Conventional Model-Finding

It's a well-known result that first-order model-finding is undecidable (see Gödel's incompleteness theorem). As a consequence, any practical model-finding algorithm must resort to some notion of bound on the search space of models to guarantee termination. Conventional model-finders, such as Kodkod, MACE, and Paradox, assume a bound on the size of the domain of models to be found. This assumption makes it possible to translate the input first-order theory 𝓣 to a propositional formula 𝓟 up to the give bound. This process is known as propositionalization. Next, the model-finder utilizes a SAT solver to find solutions for 𝓟. Intuitively speaking, one might think of the propositionalization step as the process of enumerating all potential models of the initial first-order formula where each propositional variable in 𝓟 represents a fact in first-order models of 𝓣. The job of the SAT solver is to find solutions to 𝓟, corresponding to images of first-order models for 𝓣. Finally, the model-finder maps the solutions to the SAT problem back to models of the original first-order theory 𝓣.

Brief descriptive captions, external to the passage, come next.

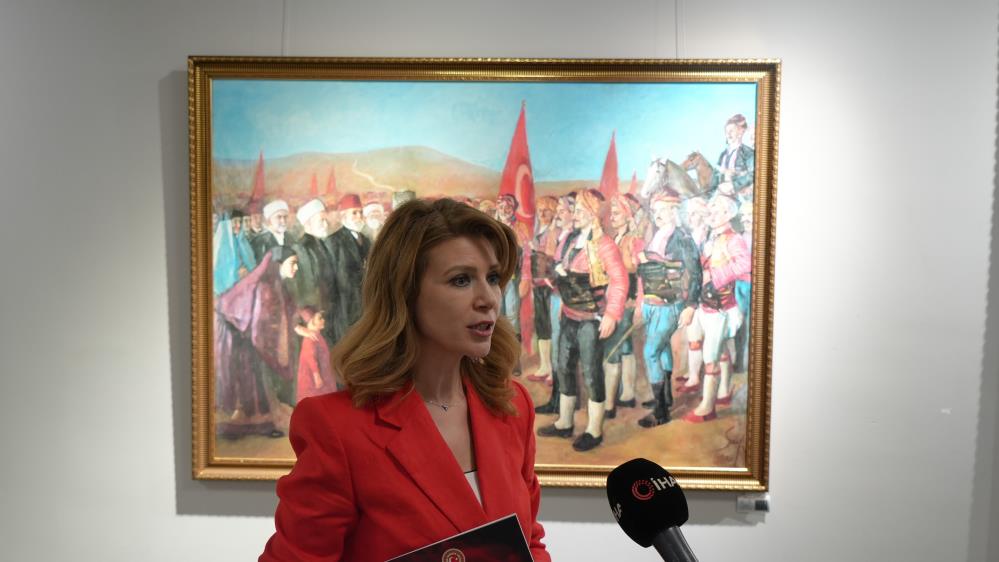 Ankara Sergi1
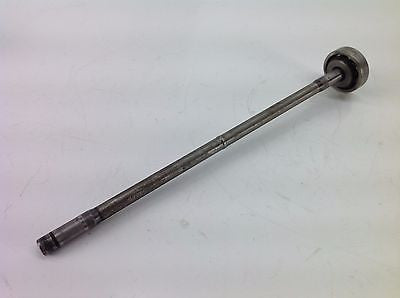 KAWASAKI KX 125 1994-1998 CLUTCH PUSH ROD 0045A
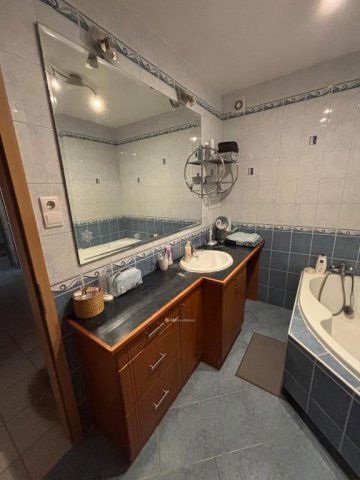 Eladó téglalakás, Budapesten, X. kerületben 105 M Ft, 2+2 szobás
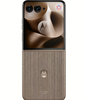 Motorola Razr 60 Ultra Pantone Mountain Trail Màu Gỗ LikeNew Fullbox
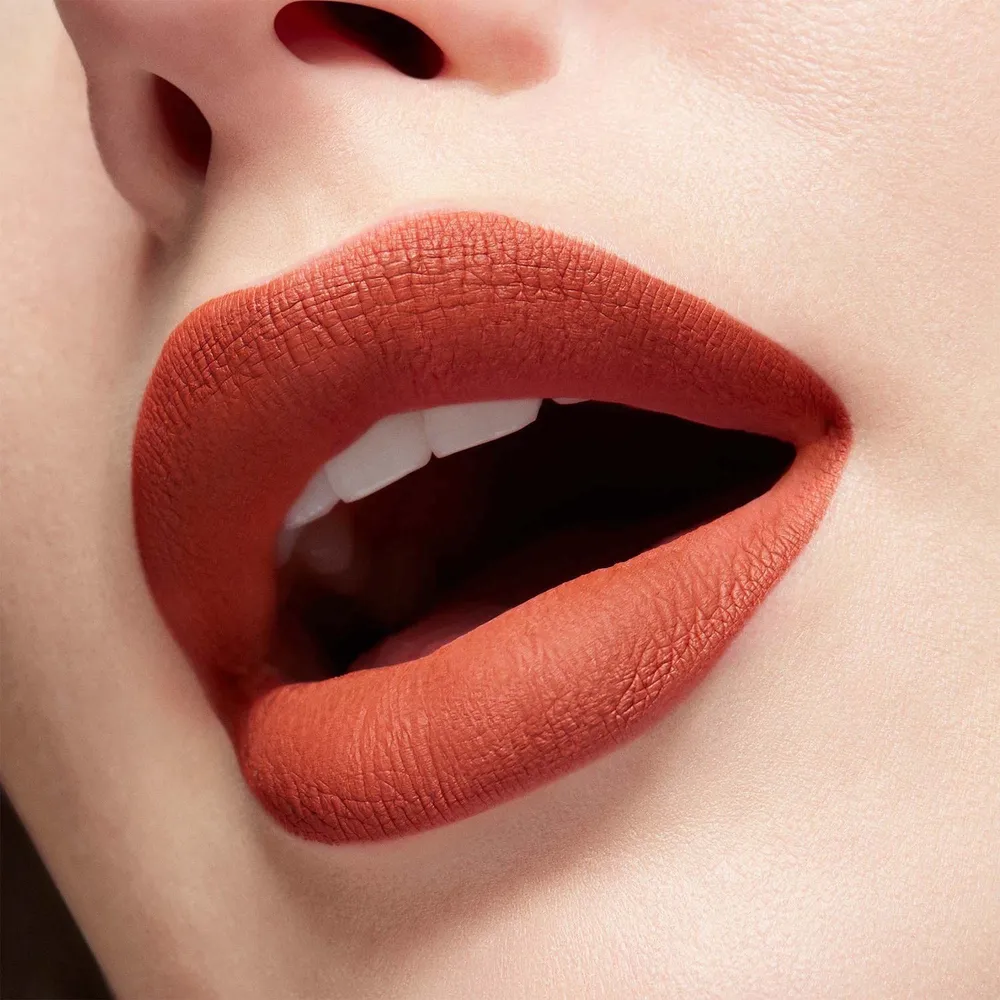 Mac Locked Kiss Ink 24Hr Lipcolour Terracotta, foto 4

For example, consider the following specification of a conventional list in functional programming languages:

// Every list `x` is `'nil` or points to a `next` list:
∀ x . List(x) → x = 'nil ∨ ∃ y. next(x) = y and List(y);

// The `next` of a list is its sublist:
∀ x, y. next(x) = y → Sublist(x, y);
// The `next` of a sublist is itself a sublist:
∀ x, y, z. Sublist(x, y) ∧ next(y) = z → Sublist(x, z);

// `'nil` never point to a `next` list:
~∃ x. next('nil) = x;
// A list cannot be its own sublist (no cycles):
~∃ x. Sublist(x, x);

// `'my_list` is a list:
List('my_list);

The first five formulae of this theory describe the list data structure and the last formula asks for models with a list, namely 'my_list. Given a bound of 4 on the size of the models, a conventional model-finder queries the underlying SAT solver for solutions consisting of 1, 2, 3, or 4 elements (e.g., lists) that satisfy the theory. Consequently, the model-finder may spit out solutions such as the following (○, ●, and ⟶ respectively denote the 'nil list, a non-empty list, and the next function):

  • 'my_list of length 0 (i.e., the 'nil list):

    'my_list:  ◯

  • 'my_list of length 1 (a node pointing to 'nil):

    'my_list:  ⬤➝◯

  • 'my_list of length 2:

    'my_list:  ⬤➝⬤➝◯

  • Two lists ('my_list and an unnamed list) of length 1:

    'my_list:   ⬤➝◯
    (unnamed):  ⬤➝◯

  • 'my_list of length 3 and a (unnamed) list of length 0:

    'my_list:   ⬤➝⬤➝⬤➝◯
    (unnamed):  ◯

A key take-away is that the input bound on the model size does not only guarantee termination, but also is necessary to make propositionalization generally possible.

Note: Certain classes of first-order formulae including the Bernays–Schönfinkel–Ramsey class, also known as the effectively propositional (EPR) class, may be translated into propositional logic without an explicit search bound.